I also added a carved framed panel for sale. This is something I have often thought of offering, after getting enough requests for them, I decided to give it a try.

frame & panel sunflower

Finally, I have two more carved bookstands ready to send out, but if anyone would like to order one of these, send me an email. They are $225 shipped in US. Here’s what they generally look like, although the carving is usually not the same twice…

carved bookstand
carved bookstand

3 thoughts on “Spoons & more for sale

  1. Peter, I have a question about carving lilac. I just cut a large bush down but whenever I try to carve with it it seems to split down the middle as fast as I can whittle it. I am definitely cutting the the blanks on either side of the pith. Maybe it’s just my tree but if you have any thoughts I would appreciate it. I live in Montana where good spoon wood is a little hard to come by thanks for the blog.


  2. Hi Chris, hope you don’t mind me butting in but maybe I can help. I know nothing about Lilac and I’ll repeat some stuff you probably already know. First up you understand that wood shrinks differently in it’s three dimensions and I’m sure Peter’s covered it somewhere. Along the length of the stem almost not at all; from the centre to the bark (radially) quite a bit and around the circumference (tangential) quite a bit more. This difference is what causes the checking (splits along the radial plane). Some woods are bad for this and some forgiving, where Lilac sits I haven’t the foggiest. However speed of drying is important and the tight corewood can also have an effect. In thin sections of wood the wood is able to warp rather than split if the drying is not too fast. If the ends are drying faster than inside, the checking is almost unavoidable, seal the end grain, acrylic paint, wax, anything to slow the drying on the ends.
    You’re in Montana, I guess the air is very dry, as it is here in Canterbury, NZ at times. You may need to choose when and where you work to minimise drying and do a bit more than Peter’s wrap in a rag.

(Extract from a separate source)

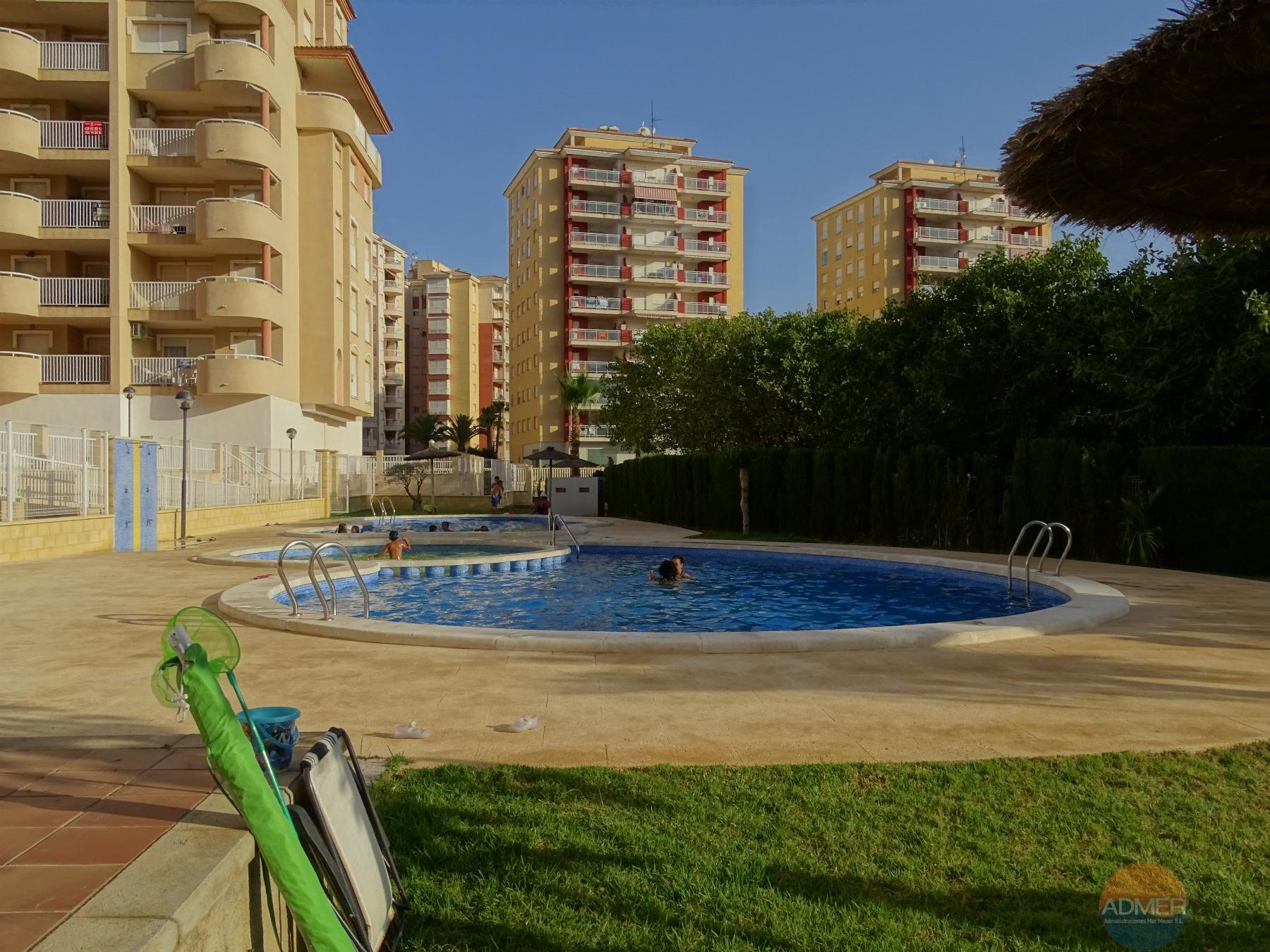 For sale of apartment in La Manga del Mar Menor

Try getting rid of the thickest parts as quick as possible; leaving some spare beyond the tip of the spoon; getting the rough hollowing out of the way fast and using as little core wood as you can get away with at least in the wide parts i.e. the bowl.
    For storage between working, the old method of burial in shavings works well, I’ve tried a plastic bag of shavings and got mould but a box lined with plastic and filled with shavings seems OK, then a move to a more ventilated situation for final drying.
    To qoute Roy Underhill “calibrate your senses”, if you can feel it is drying too fast do something to slow that down or put it away so the moisture can stabilise through the wood.